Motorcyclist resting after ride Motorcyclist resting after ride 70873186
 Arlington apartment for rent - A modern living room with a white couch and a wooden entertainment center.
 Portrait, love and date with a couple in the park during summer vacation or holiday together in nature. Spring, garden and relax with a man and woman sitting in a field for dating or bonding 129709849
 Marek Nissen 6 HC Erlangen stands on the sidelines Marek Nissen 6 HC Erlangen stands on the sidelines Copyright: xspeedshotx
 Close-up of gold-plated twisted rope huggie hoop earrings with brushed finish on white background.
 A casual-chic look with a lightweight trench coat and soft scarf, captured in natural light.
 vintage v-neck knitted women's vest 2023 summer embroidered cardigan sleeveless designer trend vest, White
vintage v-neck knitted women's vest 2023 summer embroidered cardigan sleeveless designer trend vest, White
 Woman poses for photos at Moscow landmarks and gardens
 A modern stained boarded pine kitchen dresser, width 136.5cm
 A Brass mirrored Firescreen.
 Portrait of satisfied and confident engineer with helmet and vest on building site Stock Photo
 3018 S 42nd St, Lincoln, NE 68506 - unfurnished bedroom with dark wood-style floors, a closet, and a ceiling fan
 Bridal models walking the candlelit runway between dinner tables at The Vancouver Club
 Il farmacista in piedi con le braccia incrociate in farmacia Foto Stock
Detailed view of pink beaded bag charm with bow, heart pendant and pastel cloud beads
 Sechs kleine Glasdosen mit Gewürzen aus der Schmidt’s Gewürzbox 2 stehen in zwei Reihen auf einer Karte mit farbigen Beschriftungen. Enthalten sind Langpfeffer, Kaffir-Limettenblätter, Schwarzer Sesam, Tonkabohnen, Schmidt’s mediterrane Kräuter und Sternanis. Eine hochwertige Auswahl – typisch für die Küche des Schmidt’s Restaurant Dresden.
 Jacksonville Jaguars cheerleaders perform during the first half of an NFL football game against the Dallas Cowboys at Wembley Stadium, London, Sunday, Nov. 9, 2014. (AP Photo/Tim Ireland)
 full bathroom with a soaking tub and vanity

TASK DESCRIPTION: Exactly the lines from the one containing "Detailed view of" through the final line of the records must appear in your reply, and no others.

ANSWER SPACE:
Detailed view of pink beaded bag charm with bow, heart pendant and pastel cloud beads
 Sechs kleine Glasdosen mit Gewürzen aus der Schmidt’s Gewürzbox 2 stehen in zwei Reihen auf einer Karte mit farbigen Beschriftungen. Enthalten sind Langpfeffer, Kaffir-Limettenblätter, Schwarzer Sesam, Tonkabohnen, Schmidt’s mediterrane Kräuter und Sternanis. Eine hochwertige Auswahl – typisch für die Küche des Schmidt’s Restaurant Dresden.
 Jacksonville Jaguars cheerleaders perform during the first half of an NFL football game against the Dallas Cowboys at Wembley Stadium, London, Sunday, Nov. 9, 2014. (AP Photo/Tim Ireland)
 full bathroom with a soaking tub and vanity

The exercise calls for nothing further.